FENCES
Wer ist August Wilson ?
August Wilsons Leistung ist beispiellos in der Geschichte des amerikanischen Theaters.
Der „Zyklus eines amerikanischen Jahrhunderts“ gleicht einem groß angelegten afroamerikanischen Historienspiel. Es umfasst unter anderem die Sklaverei und deren Abschaffung, die Naturschönheit im Süden und die Slums im Norden, den Kampf der Arbeiterklasse und die postindustrielle Verzweiflung. Die herrschende weiße Klasse, die das Leben der Schwarzen schicksalhaft lenkte und lenkt, bleibt in den Stücken stets im Hintergrund. Wilson schenkte seine ganze Aufmerksamkeit den schwarzen Arbeitern und ihren Familien. Pittsburghs Stadtviertel Hill, in dem Wilson aufwuchs, wurde zu einer Bühne, auf der er die gesamte Klaviatur menschlicher Emotionen spielte.
Dabei rüttelte Wilson auch das weiße Amerika wach. Denn die Figuren, die seiner Fantasie entsprungen waren, basierten auf authentischen afroamerikanischen Lebensgeschichten. Auf Menschen, die Sklaverei und Rassentrennung ertragen mussten, die ihr afrikanisches Erbe ablegen mussten, die lange Zeit als Bürger zweiter Klasse galten und auch noch in Zeiten der Gleichberechtigung als unwürdig angesehen wurden, im Mittelpunkt literarischer Kunst zu stehen.
Erstaunlicherweise hat sich Wilson das Schreiben weitgehend selbst beigebracht. Er verließ die Schule im Alter von 14 Jahren, nachdem ein Lehrer ihm vorgeworfen hatte, eine Hausarbeit plagiiert zu haben – aus dem einfachen Grund, da sie ihm zu gut erschien, als dass ein schwarzer Junge sie verfasst haben könnte. Wilson machte weiter. Er studierte die Bücher aus drei Filialen der Bibliothek seiner Stadt und legte dabei besonderes Augenmerk auf die Abteilung „Negro“. Als die schwarze Kunstbewegung in den 1960er-Jahren einen neuen Höhepunkt erreichte, begann er, Gedichte zu schreiben, und startete danach seine ersten Versuche als Autor von Theaterstücken. Sie wirkten steif und manieriert und ließen viele Selbstzweifel erkennen. Damals schrieb Wilson in einem schelmischen und äußerst weißen Ton.

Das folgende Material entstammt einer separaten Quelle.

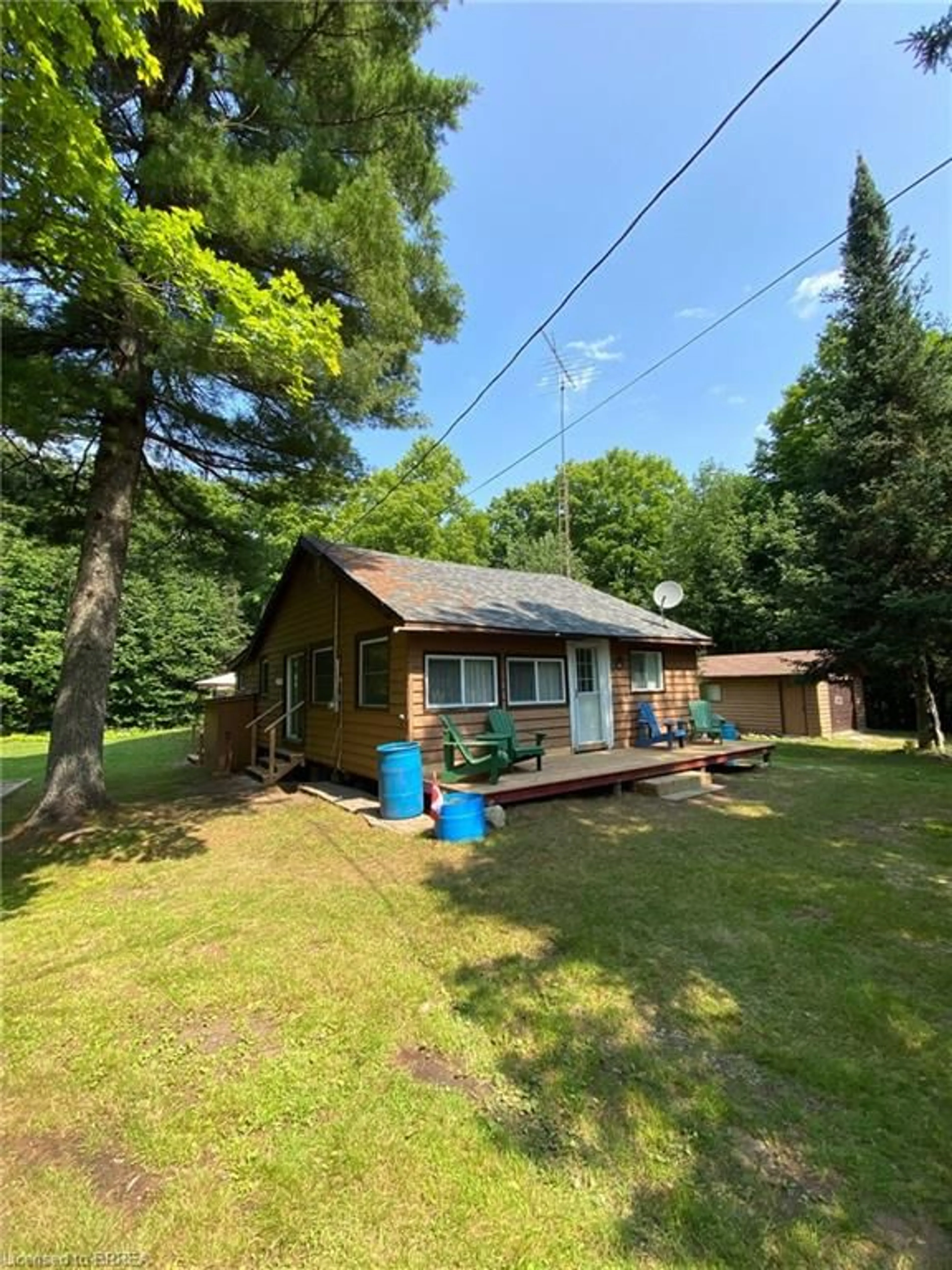 A pic from outside/outdoor area/front of a property/back of a property/a pic from drone, water/lake/river/ocean view for 1309 Prospect Lake Rd, Bracebridge Ontario P1L 1X1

Erst als er nach St. Paul, Minnesota, gezogen war, befreite sich seine Muse. Er schrieb „Jitney“ und legte 1982 sein nächstes Stück, „Ma Rainey’s Black Bottom“, beim National Playwrights Institute am Eugene O’Neill Theater Center vor. Das war der legendäre Anlaufpunkt für junge Autoren und deren Stücke. Nachdem Eugene O’Neill das Stück ausgewählt hatte, arbeitete Wilson mit Regisseur Lloyd Richards, der sein Mentor werden sollte. „Ma Rainey’s Black Bottom“ wurde im Sommer 1982 als szenische Lesung aufgeführt. O’Neills strenge Regel, dass kein Theaterkritiker den Lesungen beiwohnen durfte, wurde eingehalten. Doch schnell drangen die begeisterten Berichte bis zum Broadway vor.

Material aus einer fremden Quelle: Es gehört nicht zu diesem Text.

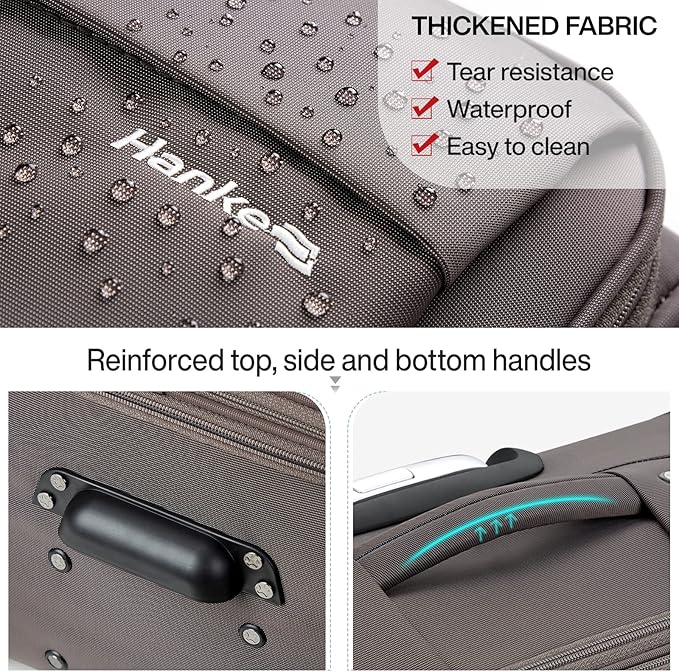 Hanke 20/28 Inch 2 Piece Luggage Sets with Spinner Wheels Expandable Luggage Large Suitcases with Wheels Lightweight Travel Luggage Rolling Suitcase with Lock Softside Checked Luggage.(Coffee)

Wilson erhielt zwei Pulitzer-Preise, einen für „Fences“ und einen weiteren für „The Piano Lesson“. Darüber hinaus verlieh ihm der New York Drama Critics’ Circle erstaunliche acht Mal den Preis für das beste Theaterstück des Jahres. Das National Theatre in London führte unlängst eine viel gelobte Produktion von „Ma Rainey’s Black Bottom“ auf. Sie gewann den Olivier Award, das britische Äquivalent zum US-Theaterpreis Tony.
Wilsons Gesamtwerk wird jetzt abgerundet, indem sein auf „Fences“ basierendes Drehbuch Früchte trägt. Er schrieb den ersten Entwurf in den späten 1980er-Jahren und feilte bis zu seinem Tod daran. Indem Denzel Washington den Film realisierte, erfüllt sich posthum auch Wilsons Wunsch, dass ein afroamerikanischer Regisseur das Drehbuch verfilmt. So oft wie August Wilsons Stücke auf Bühnen aufgeführt werden, so oft werden sie auch an Schulen, Colleges und Universitäten gelesen. Dass aus einem seiner Theaterstücke nun ein Film geworden ist, hält die Geschichte nicht nur im Bewusstsein der Menschen, sondern bannt sie auch in höchster schauspielerischer Vollendung auf das Medium Film.